Bir dış politika aracı olmanın ötesinde; CAATSA, ABD’nin küresel güç ilişkilerini hukuk metni üzerinden yeniden kurma girişimidir.
CAATSA (Countering America’s Adversaries Through Sanctions Act; Türkçesiyle Amerika’nın Hasımlarına Yaptırımlar Yoluyla Karşı Koyma Yasası), Amerika Birleşik Devletleri Kongresi tarafından 2017 yılında kabul edilen ve ABD Başkanı tarafından imzalanarak yürürlüğe giren bir yaptırım yasasıdır.
Yasa, başta Rusya, İran ve Kuzey Kore olmak üzere, ABD’nin “hasım” olarak tanımladığı ülkelerle belirli alanlarda ekonomik, askerî ve teknolojik iş birliği yapan kişi, kurum ve devletlere karşı yaptırım uygulanmasını öngörür. Bu yönüyle CAATSA, yalnızca hedef ülkeleri değil, onlarla ilişki kuran üçüncü tarafları da kapsayan ikincil yaptırım (secondary sanctions) niteliği taşır.
CAATSA, Soğuk Savaş sonrası dönemde ABD’nin geliştirdiği yaptırım rejimlerinin en kapsamlı örneklerinden biridir. Yasanın kabulü, özellikle Rusya’nın Kırım’ı ilhakı, ABD seçimlerine müdahale iddiaları ve Orta Doğu’daki güç dengeleriyle doğrudan bağlantılıdır.
Önceki yaptırım yasalarından farklı olarak CAATSA, başkana tanınan yaptırım esnekliğini ciddi biçimde sınırlar. Böylece dış politika, yürütmenin inisiyatifinden çıkarılıp Kongre denetimine daha sıkı biçimde bağlanır. Bu durum, CAATSA’yı aynı zamanda ABD iç siyasetinde güçler ayrılığının dış politikaya yansıması hâline getirir.

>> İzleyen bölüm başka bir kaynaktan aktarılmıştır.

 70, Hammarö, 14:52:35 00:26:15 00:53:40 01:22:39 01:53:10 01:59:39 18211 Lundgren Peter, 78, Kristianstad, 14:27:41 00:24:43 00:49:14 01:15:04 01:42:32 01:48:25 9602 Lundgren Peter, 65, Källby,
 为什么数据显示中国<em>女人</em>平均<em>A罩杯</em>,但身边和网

Türkiye’nin Rusya’dan S-400 hava savunma sistemi satın alması sonrasında CAATSA kapsamında yaptırımlara maruz kalması, yasanın NATO müttefiklerini dahi hedef alabileceğini göstermesi bakımından dönüm noktasıdır.
► CAATSA bir ambargo mudur?
Hayır. CAATSA, kapsamı ve esnekliği değişebilen çok katmanlı bir yaptırım çerçevesidir; klasik ve mutlak bir ambargo değildir.
► Yasa sadece üç ülkeyi mi hedef alır?
Doğrudan hedef Rusya, İran ve Kuzey Kore’dir; dolaylı olarak bu ülkelerle iş birliği yapan üçüncü taraflar da yaptırıma tabi tutulabilir.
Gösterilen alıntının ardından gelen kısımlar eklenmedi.